### RECORDS SHOWN
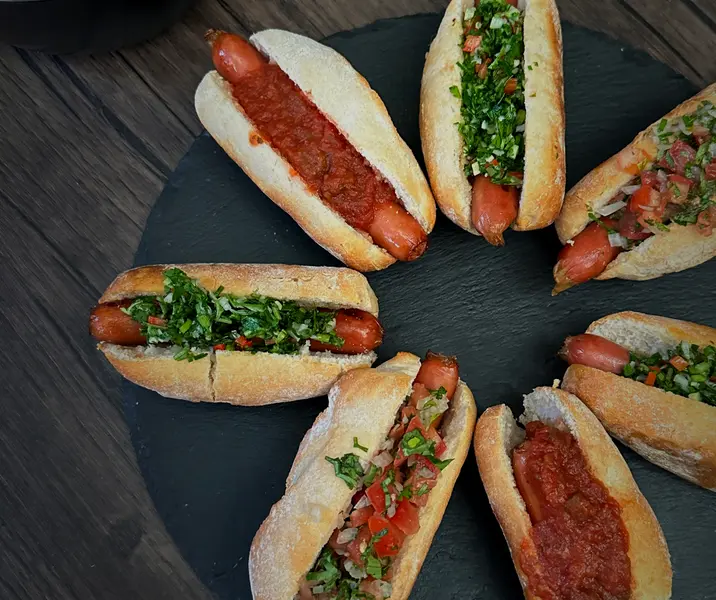 Mini choripanes con 3 salsas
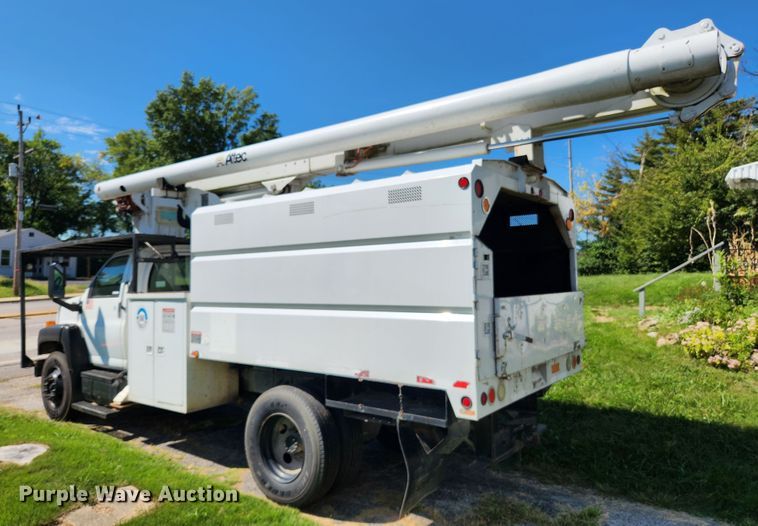 image for item MK9349 2006 GMC C7500  forestry bucket truck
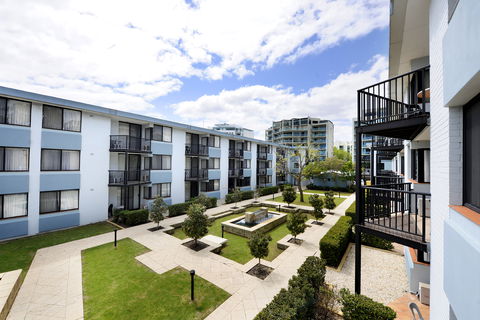 Assured Waterside Apartments - St Kilda Accommodation 0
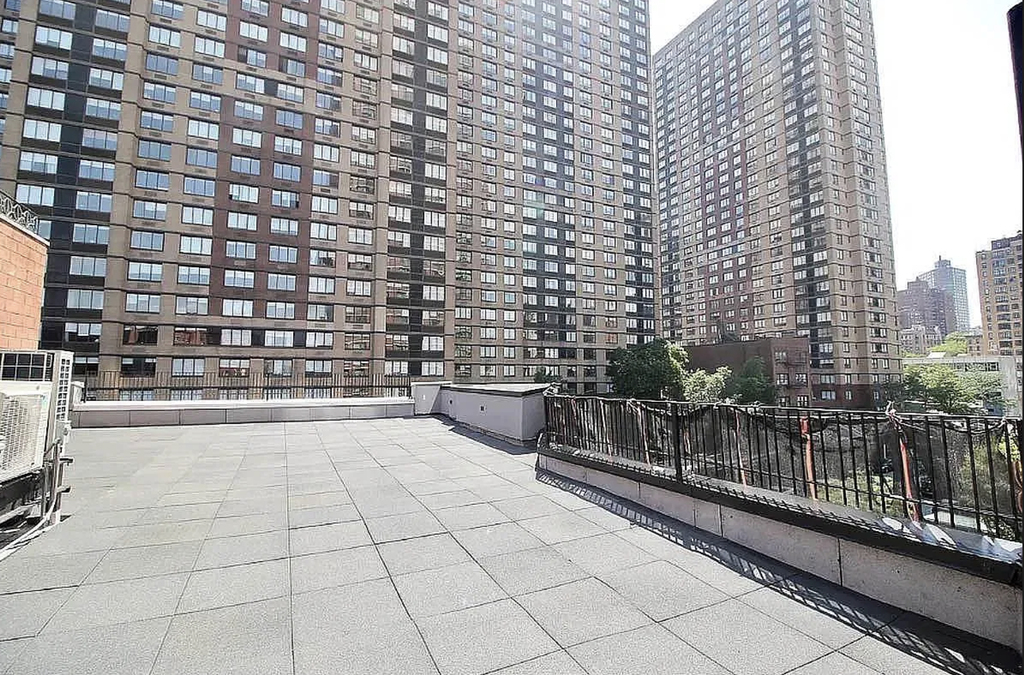 2nd Avenue & East 96th Street  - Photo 12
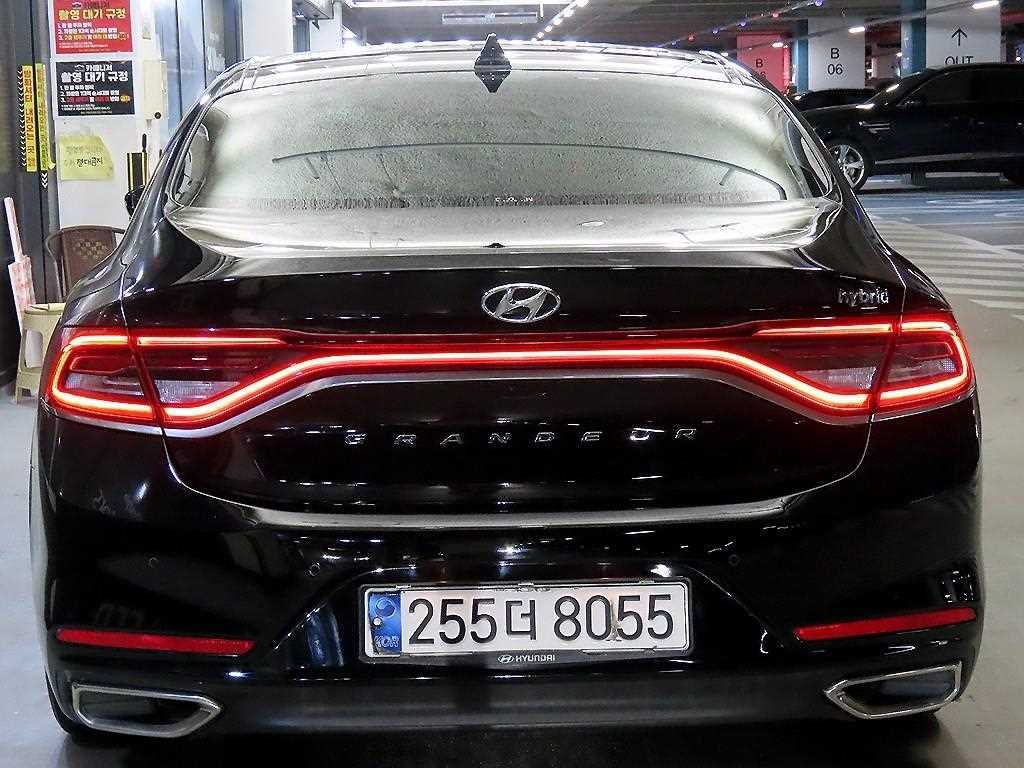 HYUNDAI Grandeur - Vista 5
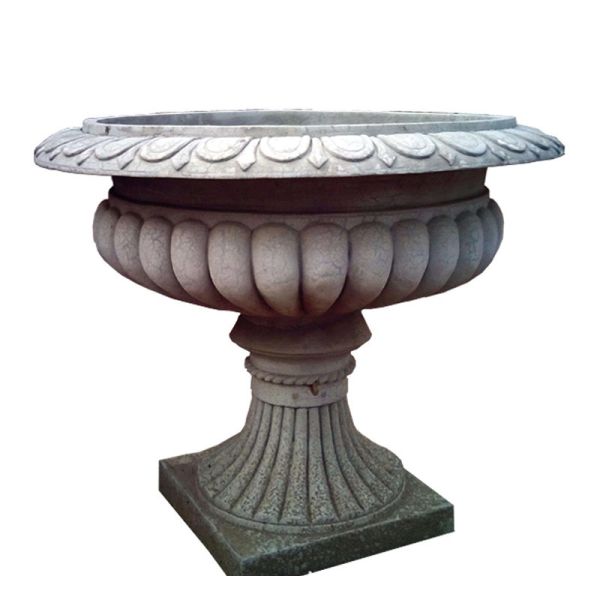 Quality Garden Decoration Cast Iron Flower Pots Folk Art Style 15 Years Lifespan wholesale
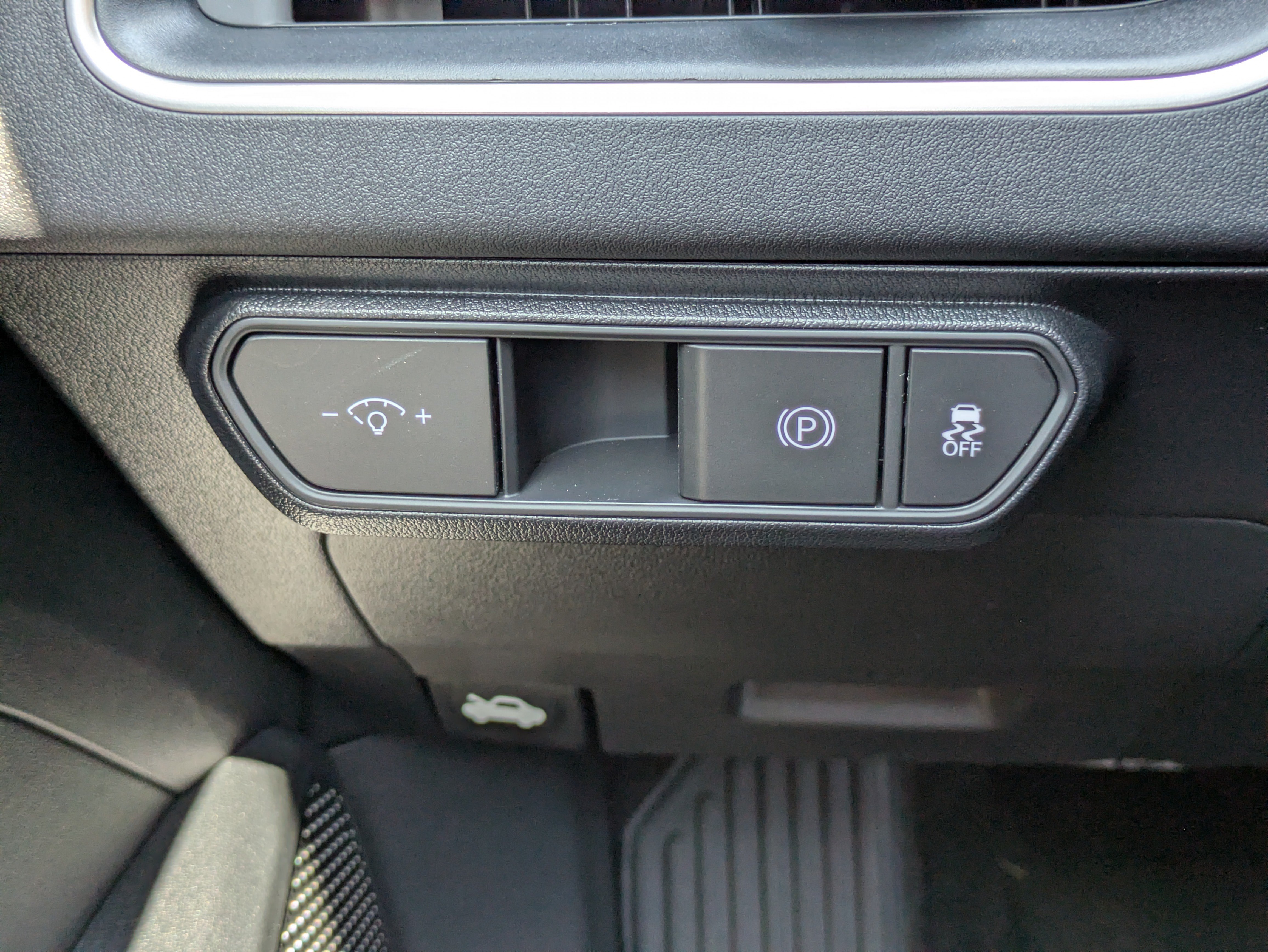 New 2026 Kia K4 FWD image 32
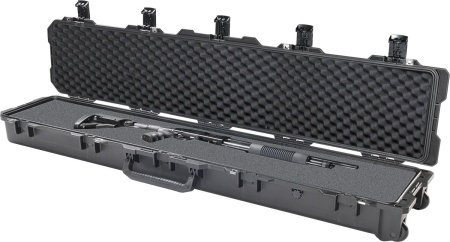 Pușcă de asalt protejată de geanta de arme Peli™ Storm Long Case iM3410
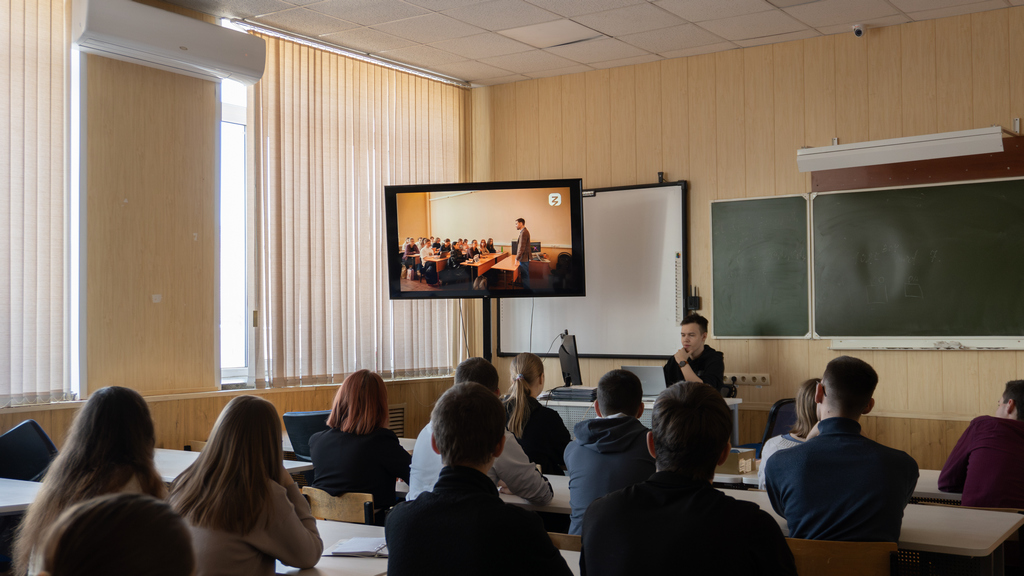 «Россия умная: узнаю о профессиях и достижениях в сфере образования»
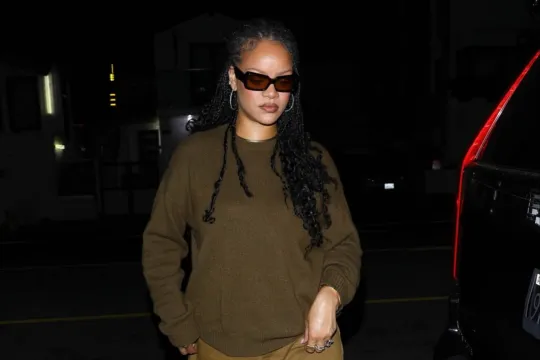 Rihannanın qəhvəyi tərzi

### EXERCISE OBJECTIVE
Transcribe the material exactly, leaving every picture out.

### YOUR SOLUTION
 Mini choripanes con 3 salsas
 image for item MK9349 2006 GMC C7500  forestry bucket truck
 Assured Waterside Apartments - St Kilda Accommodation 0
 2nd Avenue & East 96th Street  - Photo 12
 HYUNDAI Grandeur - Vista 5
 Quality Garden Decoration Cast Iron Flower Pots Folk Art Style 15 Years Lifespan wholesale
 New 2026 Kia K4 FWD image 32
 Pușcă de asalt protejată de geanta de arme Peli™ Storm Long Case iM3410
 «Россия умная: узнаю о профессиях и достижениях в сфере образования»
 Rihannanın qəhvəyi tərzi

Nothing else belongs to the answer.